Scenario: If the weather is good, do I play Golf 'Yes' or 'No'? Very straightforward instance.
Created a training dataset (df) and as per the training dataset, i am expecting the result as 'Yes' for 'Good' weather but its giving me a 'No'.
[1] No
Levels: No Yes
Any reason why is it happening this way? Is my understanding wrong or am i doing something wrong?
All supports are much appreciated..
Cheers..!
weather <- c("Good", "Good", "Good", "Bad", "Bad","Good")
golf <- c("Yes","No","Yes","No","Yes","Yes")
df <- data.frame(weather, golf) #Training dataset
df[] <- lapply(df, factor) #changing df to factor variables
df_new <- data.frame(weather = "Good") #Test dataset
library(e1071)
model <- naiveBayes(golf ~.,data=df)
predict(model, df_new, type ="class")
Upvotes: 0
Views: 345
Reputation: 3647
Its a problem with factor levels: your test data doesn't have the correct levels. Some sample code should make it clear:
weather <- c("Good", "Good", "Good", "Bad", "Bad","Good")

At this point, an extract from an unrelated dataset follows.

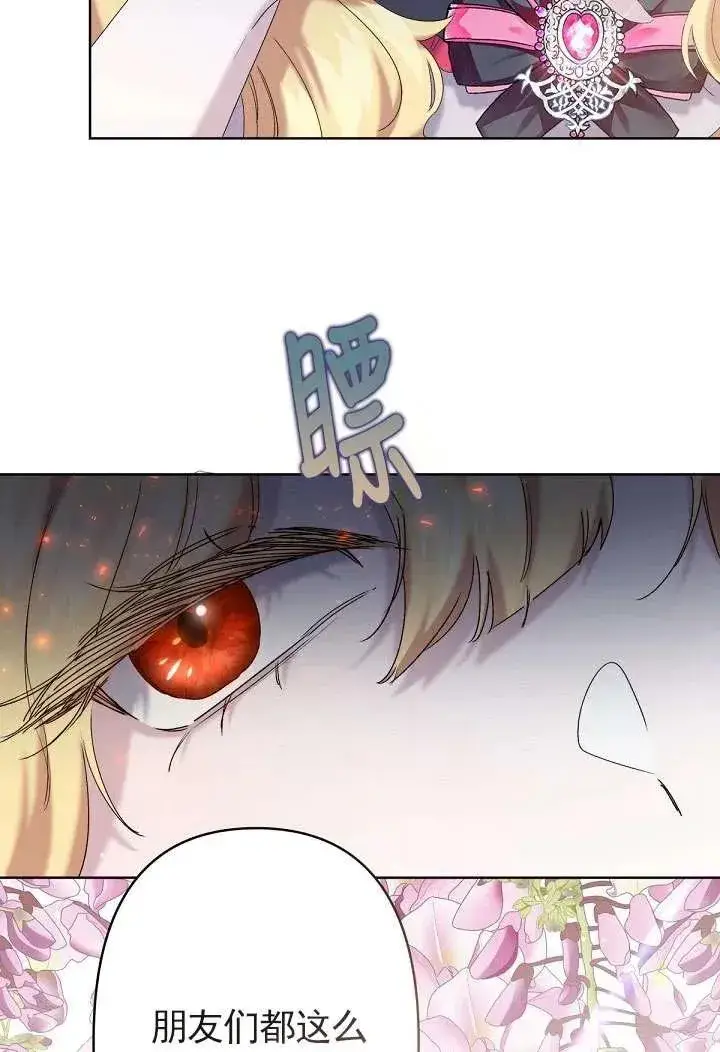 漫画《姐姐要好好抚养妹妹》第12话第35张图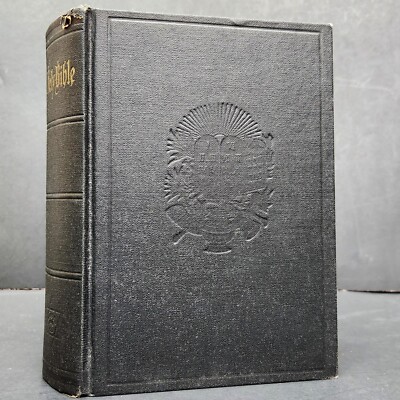 The Holy Scriptures Hebrew Publishing Company 1951 By Alexander Harkavy ...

golf <- c("Yes","No","Yes","No","Yes","Yes")
df <- data.frame(weather, golf) #Training dataset
df[] <- lapply(df, factor) #changing df to factor variables
Here are now three ways to create the sample data, 2 work by specifying a comparable factor:
df_new <- data.frame(weather = "Good")
df_new1 <- data.frame(weather = df$weather[nrow(df)])
df_new2 <- data.frame(weather = factor("Good", levels = levels(df$weather)))
library(e1071)
model <- naiveBayes(golf ~.,data=df)
predict(model, df_new, type ="class")
#> [1] No
#> Levels: No Yes
Predict works as expected on the factor variables
predict(model, df_new1)
#> [1] Yes
#> Levels: No Yes
predict(model, df_new2)
#> [1] Yes
#> Levels: No Yes
And we can see the levels are off on the original
lapply(c(df_new, df_new1, df_new2), levels)
#> $weather
#> [1] "Good"
#>
#> $weather
#> [1] "Bad" "Good"
#>
#> $weather
#> [1] "Bad" "Good"
Upvotes: 1
Reputation: 676
This is because factor encoding can be misleading. Indeed, if you do not make sure that factors in df
and df_new
are encoded the same way, you will get (seemingly) absurd results compared to what you see.
Take a look at the integer encoding of df
print(df$weather)
Good Good Good Bad Bad Good
print(as.integer(df$weather))
2 2 2 1 1 2
And compare it to the encoding of df_new
print(df_new$weather)
Good
print(as.integer(df_new$weather))
1
Good
has been mapped to 1
in df_new
, while 1
corresponds to Bad
in df
. So when you are applying your model, your are asking for a prediction based on a Bad
weather.
You need to set the factors of df_new
the same way they are encoded in df
df_new <- data.frame(weather = "Good") #Test dataset
df_new$weather <- factor(df_new$weather, levels(df$weather))
Upvotes: 1